Janita Salomé recorda igualmente com saudade o amigo com quem começou a cantar.
"Era um sábio", disse à Lusa, era "um homem generoso e implacável com as injustiças de caráter social", "um homem sem temor, sem medo", "um homem marginalizado, mas também respeitado".
Janita Salomé sublinha que José Afonso fez sempre com que a música acontecesse por algum motivo. Por isso, prossegue, continua a fazer "muito sentido" cantá-lo, "para que as consciências não fiquem adormecidas, para que sigamos o exemplo dele, para que façamos qualquer coisa de diferente, para que o mundo seja diferente, seja melhor".
A "genialidade da obra" de José Afonso é lembrada pelo divulgador e crítico de música Manuel Jorge Veloso, com uma carreira ligada ao jazz, baterista nos combos do Hot Club Portugal.
"José Afonso não tem só importância na qualidade de músico e compositor", que considera "extremamente importante e exemplar", mas também "como cidadão com atividade social e política, que utilizou a arte para se expressar, para defender ideias que são extremamente nobres e que têm a ver com a situação das pessoas, a liberdade, a democracia", afirma.
Manuel Jorge Veloso, violinista e compositor de formação, destaca a "grande qualidade" da obra de José Afonso, "em termos harmónicos e melódicos", não se deixando enganar pela aparente simplicidade da sua música. Há mesmo "meia dúzia de discos" que são perfeitas "obras-primas", assegura.
Se tivesse de levar uma canção para uma ilha deserta, Manuel Jorge Veloso não hesitaria: "Era um redondo vocábulo", porque é "uma verdadeira obra-prima, com um bom gosto literário e poético, difíceis de ultrapassar".
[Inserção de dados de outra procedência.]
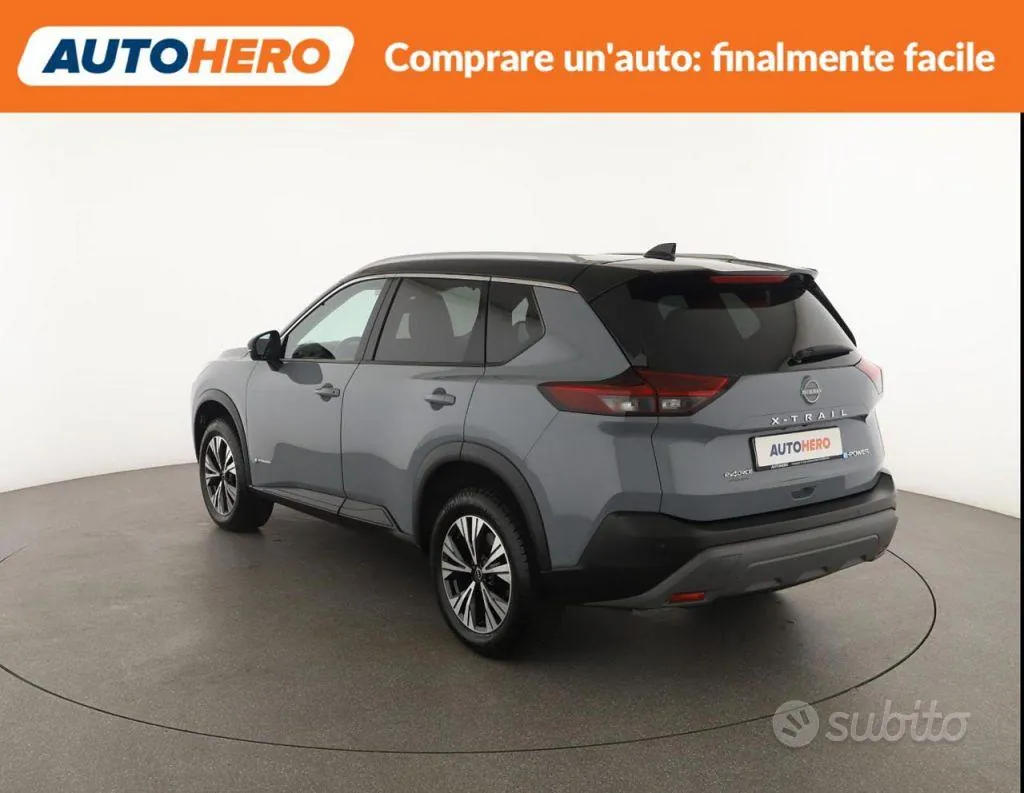 Nissan X-Trail 2022 photo 4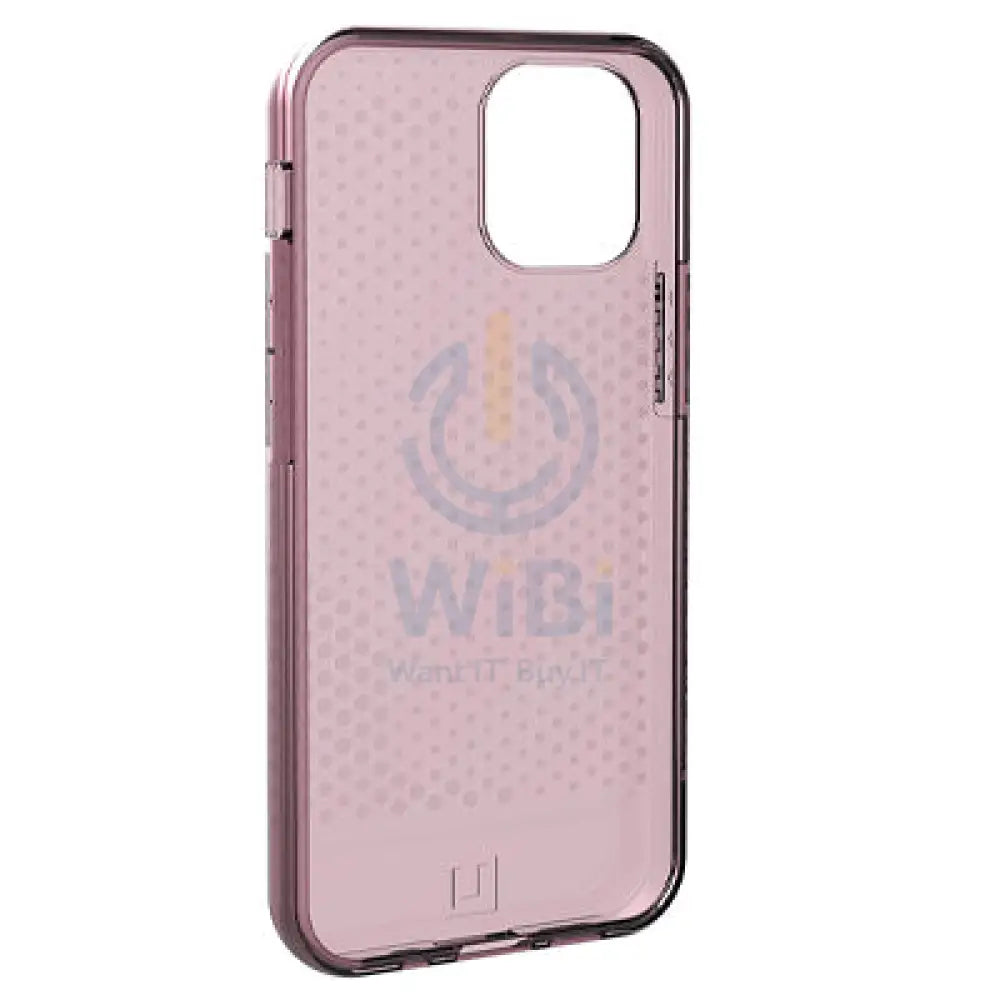 [U] by UAG iPhone 12 mini Lucent Case - Dusty Rose Accessories > Mobiles & Tablets > Mobiles > Screen Protectors &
Esta noção da obra, da dádiva que transporta, também está presente na memória de Sérgio Godinho. “O Zeca era uma pessoa que me estimulava imenso a fazer as minhas próprias coisas. Quando saía um disco do Zeca apetecia-me compor, mas não coisas à maneira do Zeca, como cheguei a fazer antes de encontrar a minha voz criativa, mas as minhas próprias coisas. E este estímulo é que eu acho que é a coisa mais importante - quando os objetos culturais nos vão dar qualquer coisa”.